Darüber hinaus sind häufig Menschen betroffen, die eine Karrierepause eingelegt haben. Auch ausländische Fachkräfte haben es schwer, ihre im Heimatland erworbenen Qualifikationen in ihrem Zielland, wie zum Beispiel Deutschland oder Österreich, anwenden zu können.


Man möge meinen, dass eine zu hohe Qualifikation eines Mitarbeiters kein großes Problem darstellt. Ganz im Gegenteil, viele Menschen denken, das sei der „Jackpot“, ein gemütlicher Job, keine schwierigen Aufgaben, man wird wenig gefordert und reißt sich kein Bein aus. Außerdem ist man als Mitarbeiter einfach besser als ursprünglich gefordert, was kann daran schlecht sein? Leider ist es in der Realität durchaus ein Problem. Denn auf Dauer gesehen, wird ein Mitarbeiter, der eindeutig überqualifiziert ist, nicht glücklich mit seiner Tätigkeit sein. In einer Studie konnte gezeigt werden, dass Personen, die sich selbst als überqualifiziert in ihrem Job einschätzen, unzufriedener mit ihrer Arbeit sind, als Personen, die ausbildungsadäquat beschäftigt sind. Zusätzlich wurde herausgefunden, dass sich Mitarbeiter, die überqualifiziert sind öfter an Stresssymptomen leiden, daraus resultieren häufigere Fehlzeiten und unkonzentriertes teilweise gelangweiltes Verhalten. Darüber hinaus haben diese Personen eine geringere Bindung an das Unternehmen, haben ein höheres Kündigungsbedürfnis und folglich eine höhere Fluktuationsrate. Obwohl sie eine schlechtere Einstellung zu ihrer Arbeit haben, sind die Arbeitsleistungen durchschnittlich besser, als bei anderen Mitarbeitern.

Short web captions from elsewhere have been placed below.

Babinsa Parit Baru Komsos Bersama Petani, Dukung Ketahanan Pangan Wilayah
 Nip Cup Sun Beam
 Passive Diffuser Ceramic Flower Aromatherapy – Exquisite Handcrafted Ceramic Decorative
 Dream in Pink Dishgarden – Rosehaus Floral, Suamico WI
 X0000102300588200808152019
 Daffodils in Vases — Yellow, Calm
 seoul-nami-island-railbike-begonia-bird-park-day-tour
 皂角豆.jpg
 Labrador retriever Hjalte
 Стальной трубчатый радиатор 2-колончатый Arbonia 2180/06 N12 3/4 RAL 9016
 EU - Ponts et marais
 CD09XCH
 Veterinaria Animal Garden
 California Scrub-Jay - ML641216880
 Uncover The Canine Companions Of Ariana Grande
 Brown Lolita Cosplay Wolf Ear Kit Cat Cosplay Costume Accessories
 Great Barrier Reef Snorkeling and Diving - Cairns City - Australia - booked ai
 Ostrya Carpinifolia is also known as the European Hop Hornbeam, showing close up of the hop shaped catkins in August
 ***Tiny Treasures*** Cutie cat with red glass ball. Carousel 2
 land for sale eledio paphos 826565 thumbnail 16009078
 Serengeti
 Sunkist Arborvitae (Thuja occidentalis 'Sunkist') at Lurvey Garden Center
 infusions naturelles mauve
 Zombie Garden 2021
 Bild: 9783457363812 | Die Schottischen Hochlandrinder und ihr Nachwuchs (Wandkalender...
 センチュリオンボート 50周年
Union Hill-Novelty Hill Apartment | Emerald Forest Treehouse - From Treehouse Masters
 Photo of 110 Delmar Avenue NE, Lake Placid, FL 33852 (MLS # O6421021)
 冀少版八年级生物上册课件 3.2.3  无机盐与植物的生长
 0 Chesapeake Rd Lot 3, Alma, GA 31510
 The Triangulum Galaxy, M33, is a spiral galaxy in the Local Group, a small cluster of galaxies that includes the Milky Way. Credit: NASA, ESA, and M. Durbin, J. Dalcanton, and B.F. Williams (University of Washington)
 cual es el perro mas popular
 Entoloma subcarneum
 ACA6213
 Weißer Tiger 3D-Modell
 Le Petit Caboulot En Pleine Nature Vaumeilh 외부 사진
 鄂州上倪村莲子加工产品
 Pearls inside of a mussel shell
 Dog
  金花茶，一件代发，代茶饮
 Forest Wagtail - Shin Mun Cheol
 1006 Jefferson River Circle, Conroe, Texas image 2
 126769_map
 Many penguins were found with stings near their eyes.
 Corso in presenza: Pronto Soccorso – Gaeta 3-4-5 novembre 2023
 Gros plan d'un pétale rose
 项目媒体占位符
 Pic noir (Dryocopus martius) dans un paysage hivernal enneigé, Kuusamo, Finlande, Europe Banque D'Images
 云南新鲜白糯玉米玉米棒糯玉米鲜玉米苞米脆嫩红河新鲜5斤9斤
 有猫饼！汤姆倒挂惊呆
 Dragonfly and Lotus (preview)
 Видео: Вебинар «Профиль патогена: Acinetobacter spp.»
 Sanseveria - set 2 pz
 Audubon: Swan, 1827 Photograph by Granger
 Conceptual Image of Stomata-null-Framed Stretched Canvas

Das Leben ist ein ewiger Entwicklungsprozess, in dem man nie stehen bleiben darf und sich stetig weiterbilden sollte. Durch dieses ständige Streben nach Wissen, zusätzlichen Fähigkeiten und Ausbildungen ist es am Arbeitsmarkt schwieriger geworden, eine Stelle zu finden, in der man all sein Wissen auch anwenden kann. Überqualifizierung ist dadurch zu einem großen Thema geworden. Die Zahl an Stellenangeboten steigt nicht so schnell an, wie die Qualifikation der Bewerber. Vor allem für Arbeitssuchende über 50 ist es eine große Herausforderung geworden, eine geeignete Stelle zu finden. Es gibt ausreichend jüngere „günstigere“ Kräfte am Markt, die sich eine Karriere in einem Unternehmen aufbauen möchten und nicht in absehbarer Zeit das Unternehmen verlassen.